De oncologische zorg is tijdens COVID-19 gelukkig zoveel mogelijk doorgegaan, vooral waar dat noodzakelijk was. Soms wel in aangepaste vorm of met extra maatregelen. Dat is nu ook nog nodig, al wordt alle zorg vanuit Amphia weer geleverd.
We merken wel dat het aantal diagnoses is verminderd door bijvoorbeeld het stopzetten van bevolkingsonderzoeken. Amphia kan alle noodzakelijke oncologische zorg nu leveren, dat wil zeggen operaties, chemotherapie en bestralingen. Die laatste vinden plaats bij het Verbeeten instituut. Ook de noodzakelijke oncologische diagnostiek kan gewoon doorgaan. Wel worden nog steeds minder urgente onderzoeken uitgesteld. Bijvoorbeeld controles bij patiënten die genezen zijn van kanker. Maar uiteraard alleen als dat mogelijk is en in goed overleg met de patiënt.
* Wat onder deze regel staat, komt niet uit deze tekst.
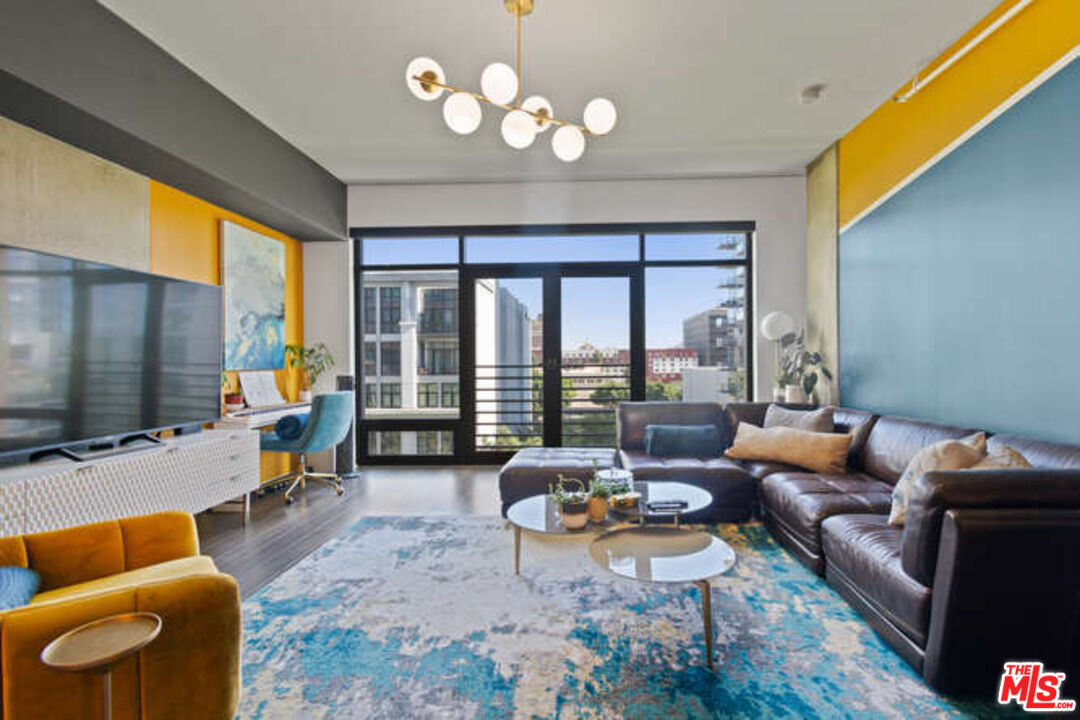 1111 S Grand Ave Unit: 716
Waar mogelijk wordt het aantal bezoeken aan het ziekenhuis beperkt door bijvoorbeeld bel consulten te doen in plaats van controlebezoeken op de polikliniek of door behandelingen minder frequent, maar in hogere dosis te geven. Dit kan bijvoorbeeld veilig bij immunotherapie.
We vinden het heel jammer, maar we hebben een aantal maatregelen die wel te merken zijn. Momenteel mag er op de polikliniek bij oncologische consulten maximaal 1 begeleider mee. Deze beperking gold voorheen uiteraard niet. Bij behandelingen op het dagcentrum, voor chemotherapie of immunotherapie mag er momenteel geen begeleider mee tijdens de behandeling. Ook opgenomen patiënten merken de maatregelen. Zij mogen op dit moment per dag 1 bezoeker ontvangen.
Alle onderzoeken kunnen uitgevoerd worden. Er wordt wel meer dan voorheen bekeken wanneer dat onderzoek het beste plaats kan vinden. Hierbij wordt rekening gehouden of het onderzoek nu wel echt noodzakelijk is of dat het kan worden uitgesteld.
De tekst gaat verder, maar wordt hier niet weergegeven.